== What needs to be done ==
Return exactly the lines of the entries that start at the line containing "Strieborné náušnice, kvetinka" and continue to the last line. Omit the pictures.

[Records from a data collection]
- - - - -
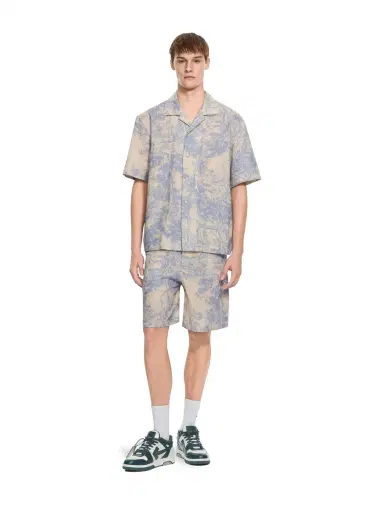 Off-White City Nature Linen Bowling Shorts | Thumbnail 2 Off-White City Nature Linen Bowling Shorts | Thumbnail 2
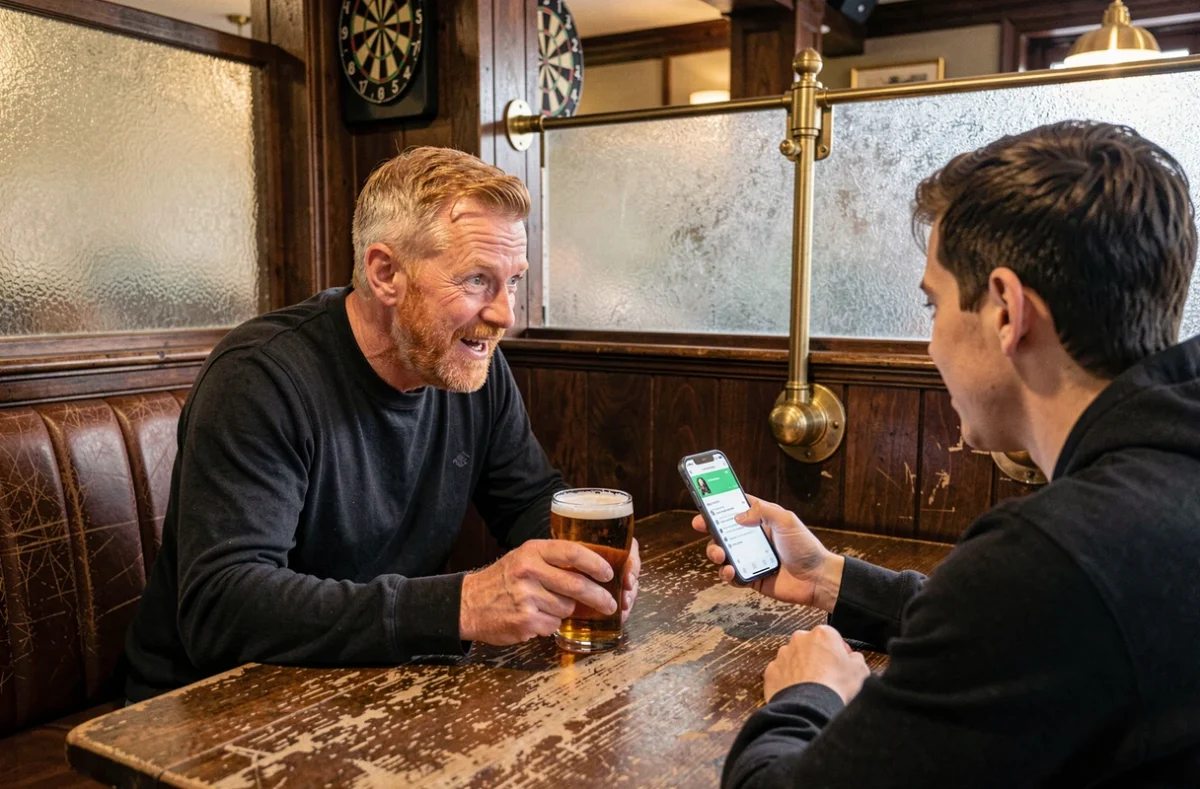 Deux hommes dans un pub britannique traditionnel discutant d'une chanson oubliée grâce à une application d'identification musicale sur smartphone
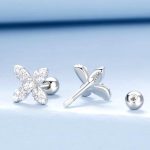 Strieborné náušnice, kvetinka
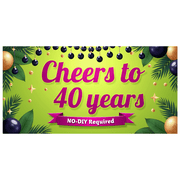 Vibrant Pink Cheers to 40 Years Banner Background Decoration Party Supplies for Milestone Celebrations Photography Props Event Decor Backdrop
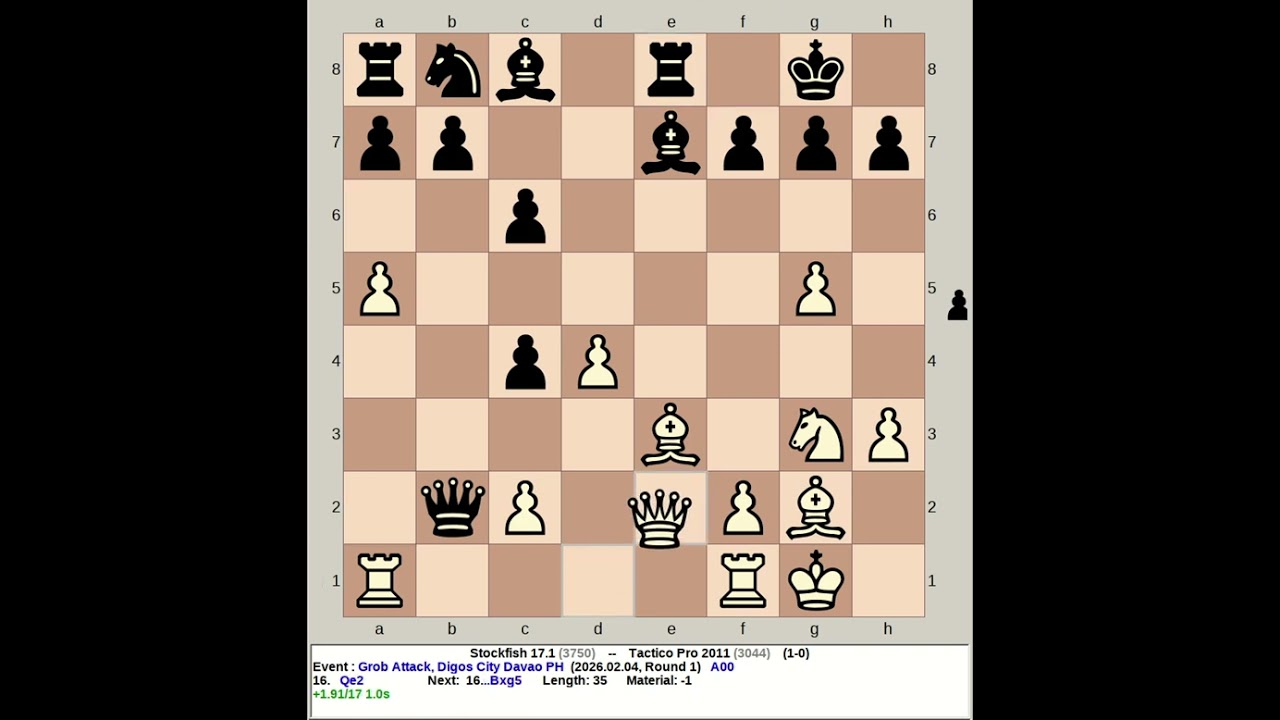 Stockfish 17.1 vs Tactico Pro 2011 | Grob Attack #chess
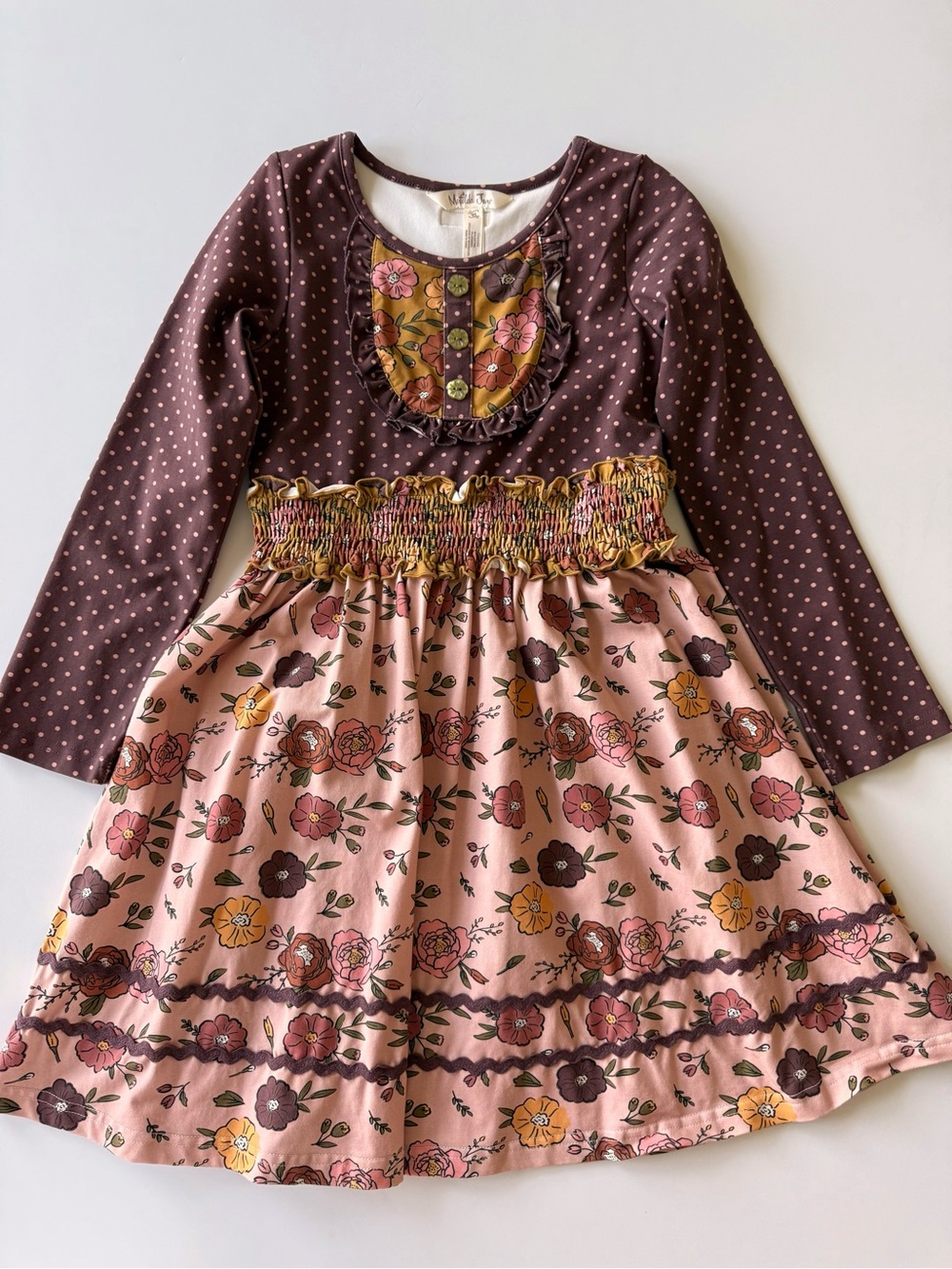 Matilda Jane Pink Floral Dress with Brown Polka-Dot Bodice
- - - - -
== Output of the exercise ==
 Strieborné náušnice, kvetinka
 Vibrant Pink Cheers to 40 Years Banner Background Decoration Party Supplies for Milestone Celebrations Photography Props Event Decor Backdrop
 Stockfish 17.1 vs Tactico Pro 2011 | Grob Attack #chess
 Matilda Jane Pink Floral Dress with Brown Polka-Dot Bodice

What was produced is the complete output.